About a month ago I started evaluating backup solutions for the web sites I host on my remote servers. I’ve had a little Netgear NSLU2 (Slug) doing the job…the Slug is a tiny Linux server…it’s about the size of a deck of cards…that come with two USB ports and an ethernet connection. Although the NSLU2 is preinstalled with a Linux distribution, I reflashed it with Debian. The little Slug has been doing nightly backups via rsync for three or four years now, storing them on an external drive. Once a week I burn a snapshot to DVD.
Why replace something that works? I’m beginning to worry that the NsLU2 might give up the ghost. I suppose it’s just paranoia, after all the thing has an uptime of 342 days today, and seems to be working fine. I think it was the launch of the new KidPub Press bookstore that made me rethink the backup strategy.
The difficulty I had finding a solution is that the servers are running a Red Hat variant of Linux (CentOS), and I wanted to to backups to a local Windows 7 box, mainly for ease of use. Even though the Slug does a great job, it’s incredibly slow…it takes a couple of hours to build a1G ISO image for burning to DVD, for example. My requirements were pretty simple. I need to do a one-way daily mirror of several directories and the MySQL databases.
I evaluated seven solutions:
- SiteShelter
- HandyBackup
- Backup4All
- Site Vault
- Unison
- DeltaCopy
- cwRsync
The first four are commercial products ranging in price from $200 to $40. The last three are open source.
Of the commercial solutions, only SiteShelter was able to properly mirror the remote server. The issue is that most of the backup programs rely on an Attribute flag on a file to determine if a file has been archived, however the flag doesn’t exist in the Linux filesystem. The symptom of this is that an incremental backup will download everything, even ify ou’ve just done one, because the software doesn’t have any way to tell if it has already downloaded a file.
SiteShelter is able to correctly manage incremental backups from the Linux box. Its interface leaves a lot to be desired, though. In its defense, the program is supposed to be run as a service, but I don’t think that’s an excuse for having an awkward human UI. Of the three commercial solutions it is the most expensive, at $200 for a single license. Although I thought SiteShelter was promising, I really didn’t see any advantage in using it versus using rsync, which is free.
The trouble, of course, is that there is no native rsync for Windows. I started looking for rsync ports. Most of them rely on Cygwin, and excellent Unix emulator for Windows that’s been around for as long as I can remember. Installing Cygwin just to get rsync seemed like overkill, ven for a Linux guy like me. Instead, I found three packages hat bundle just enough Cygwin with rsync to provide a backup solution for Windows.
Unison is the most complicated, and I rejected it for its complexity. It just does way more than I need, and just configuring it for a quick test took an hour.
DeltaCopy works but suffers from a very poor user interface. I didn’t have a lot of confidence in it because of this.
I settled on cwRsync. Although it has a UI based on GTK, I didn’t use it. It is identical to rsync on the Linux side, so I simply copied over my rsync script from the NSLU2. I had to change the destination directory, but that was the only configuration required, and the exclusion file I’ve added to over the years didn’t need to be changed at all. Ten minutes setting up the batch file to run in Windows Scheduler and I was done with my backup solution. It’s fast, secure (uses SSH), and just works, which is my #1 criteria for any product.

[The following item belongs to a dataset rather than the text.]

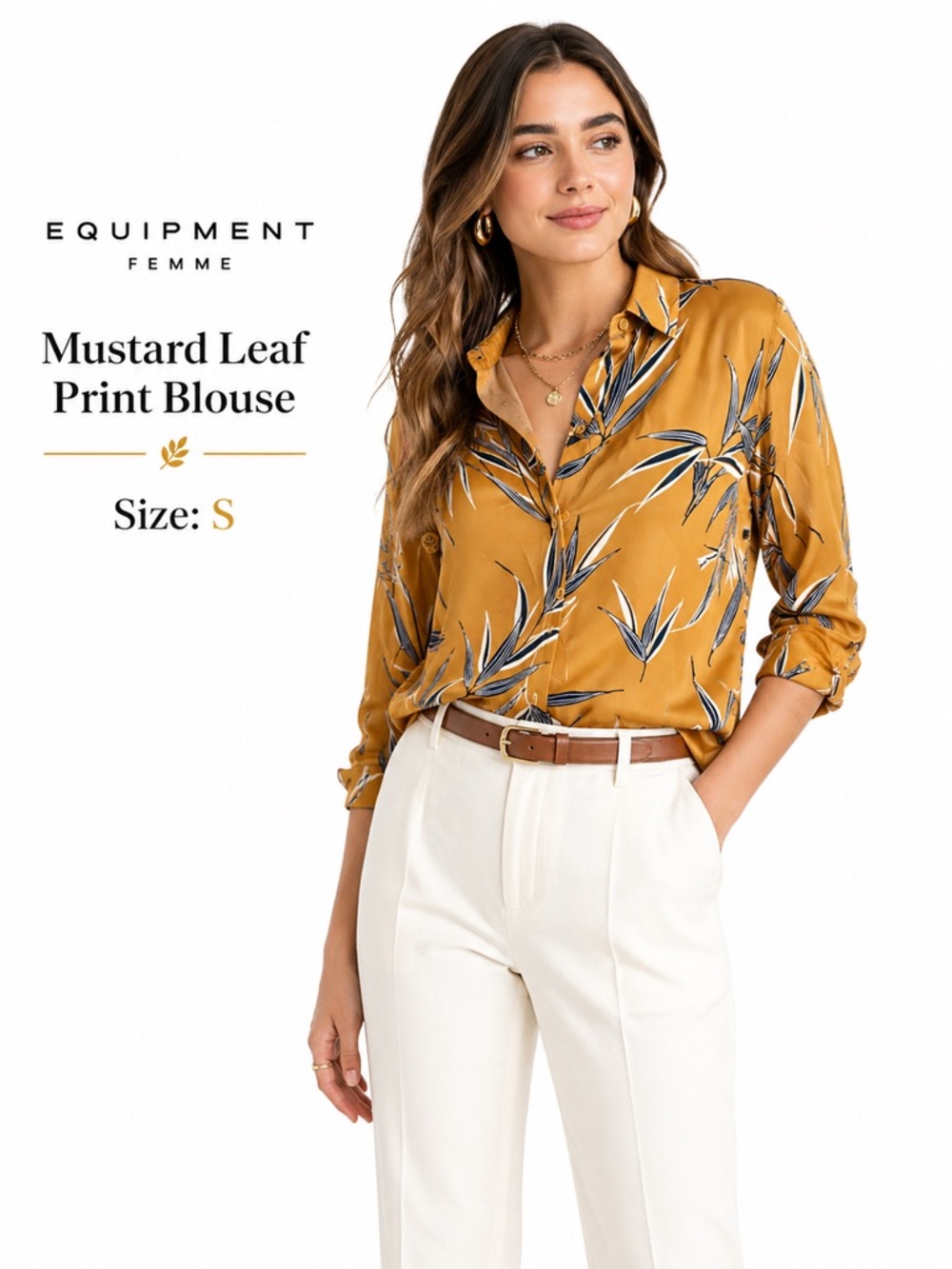 Equipment Femme Mustard Leaf Print Satin Finish Blouse Size S Like New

One other bit of information…a few of the commercial products try to back up MySQL databases by logging on to them directly. I didn’t get a lot of good feelings about these, and they seemed terribly slow. Because I ended up using rsync, I stuck with my old database backup strategy, which is a cron job that runs on the server that uses mysqldump to create snapshots of all of the critical databases. These files are dropped into a directory that rsync monitors for its daily run.
I now have a solid backup system to a Windows machine that is fast, easy to use (the remote directory structure is duplicated locally), and provides a quick burn to DVD. That it is free and a familiar and trusted solution is icing.